● **GOAL OF THE EXERCISE**: Please reproduce the lines of the records below from the one holding "Wolford The V Neck Bodysuit In Black" through the one holding "Boeing 757 &", inclusive, skipping all pictures.

● **DATASET ENTRIES**:

□ □ □ □

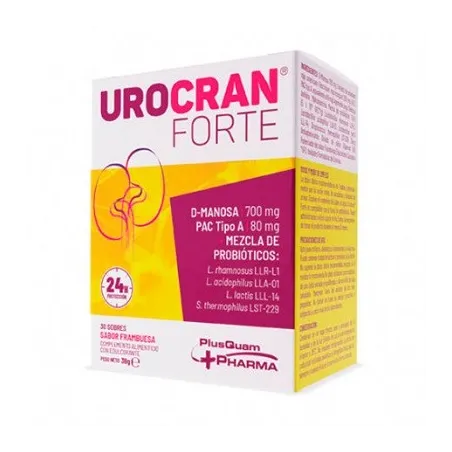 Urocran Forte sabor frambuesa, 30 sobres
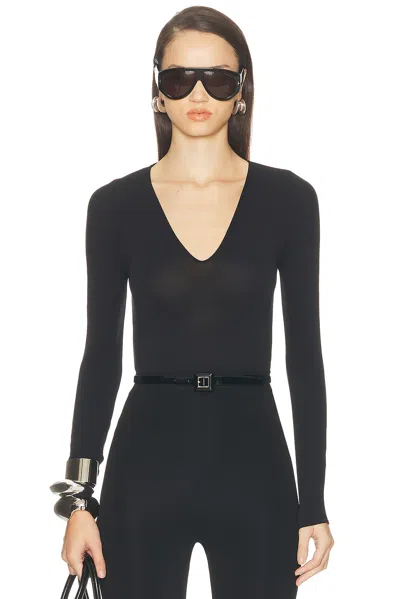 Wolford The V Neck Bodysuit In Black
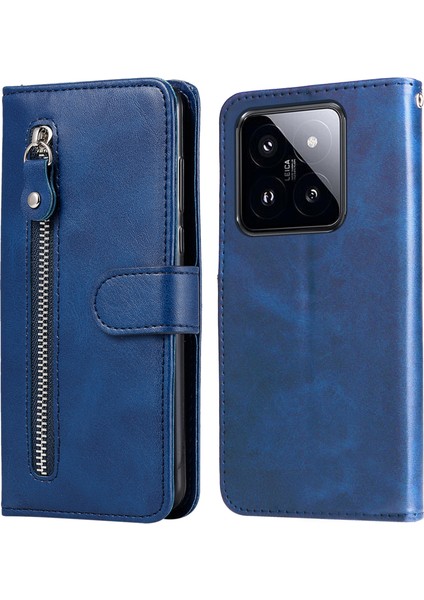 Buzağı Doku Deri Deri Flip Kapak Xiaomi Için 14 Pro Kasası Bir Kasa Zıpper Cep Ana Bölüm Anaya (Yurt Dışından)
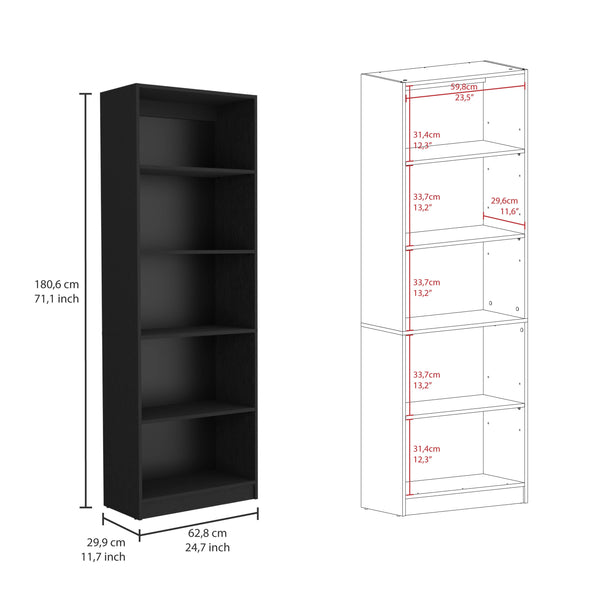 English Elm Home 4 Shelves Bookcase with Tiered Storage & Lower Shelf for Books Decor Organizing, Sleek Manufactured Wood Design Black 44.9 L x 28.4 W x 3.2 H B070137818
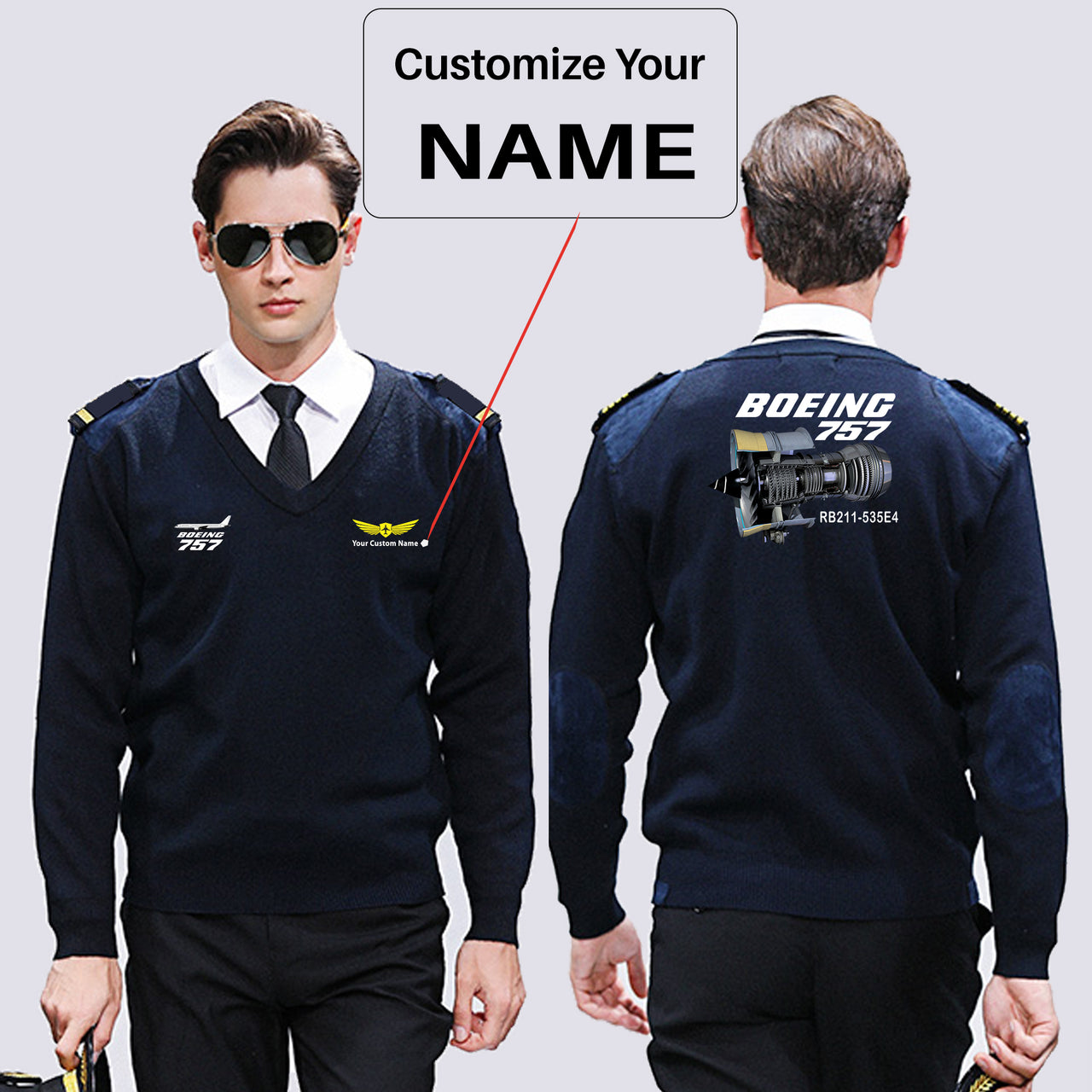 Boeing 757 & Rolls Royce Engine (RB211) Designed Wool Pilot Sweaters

□ □ □ □

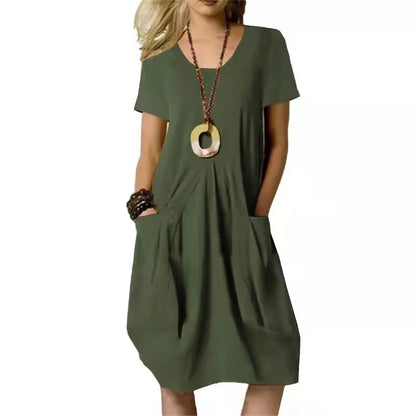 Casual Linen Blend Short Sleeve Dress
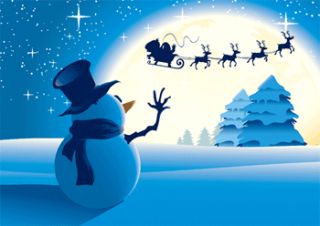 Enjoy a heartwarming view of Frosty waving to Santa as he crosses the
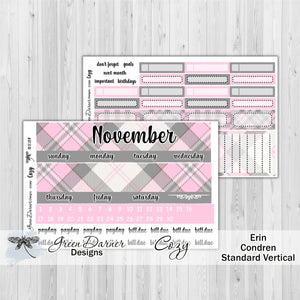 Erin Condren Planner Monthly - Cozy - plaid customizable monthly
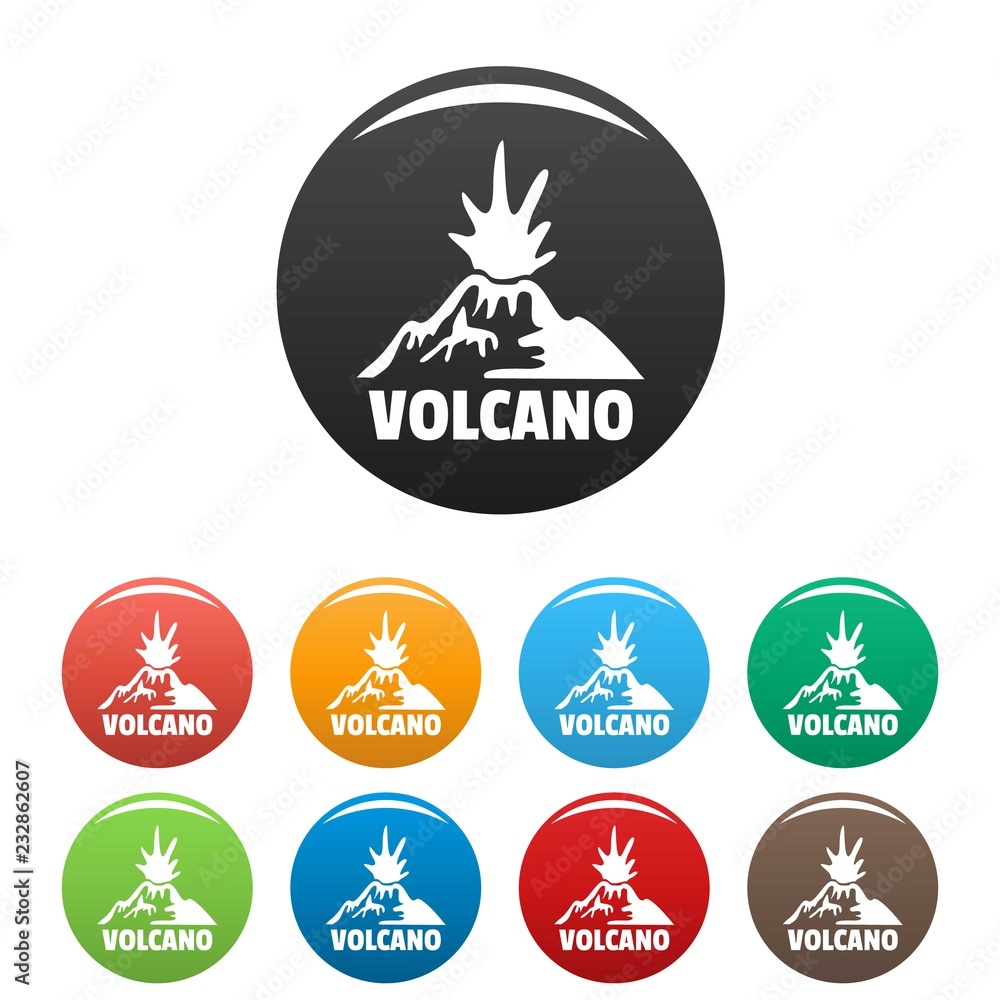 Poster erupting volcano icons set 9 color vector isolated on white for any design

□ □ □ □

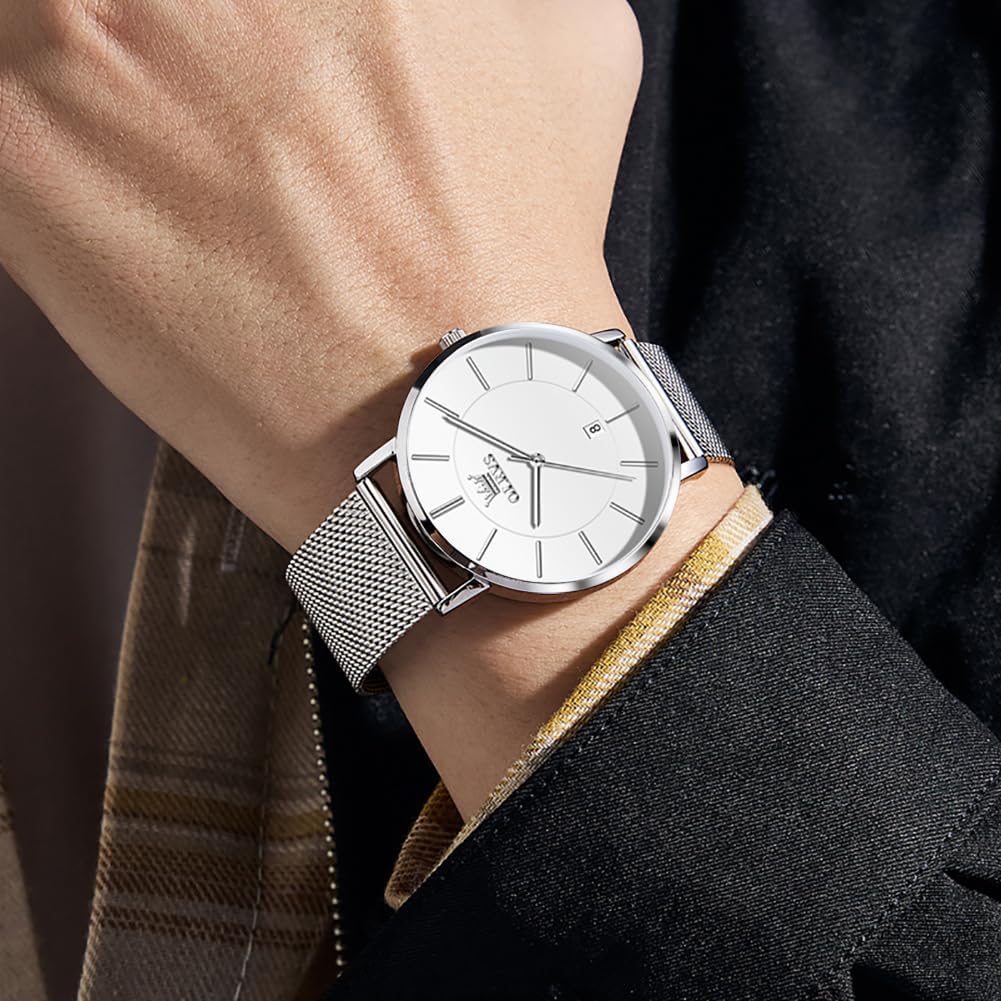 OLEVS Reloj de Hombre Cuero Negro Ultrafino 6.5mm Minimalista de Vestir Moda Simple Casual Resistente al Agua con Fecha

□ □ □ □

● **RESPONSE BELOW**:
 Wolford The V Neck Bodysuit In Black
 Buzağı Doku Deri Deri Flip Kapak Xiaomi Için 14 Pro Kasası Bir Kasa Zıpper Cep Ana Bölüm Anaya (Yurt Dışından)
 English Elm Home 4 Shelves Bookcase with Tiered Storage & Lower Shelf for Books Decor Organizing, Sleek Manufactured Wood Design Black 44.9 L x 28.4 W x 3.2 H B070137818
 Boeing 757 & Rolls Royce Engine (RB211) Designed Wool Pilot Sweaters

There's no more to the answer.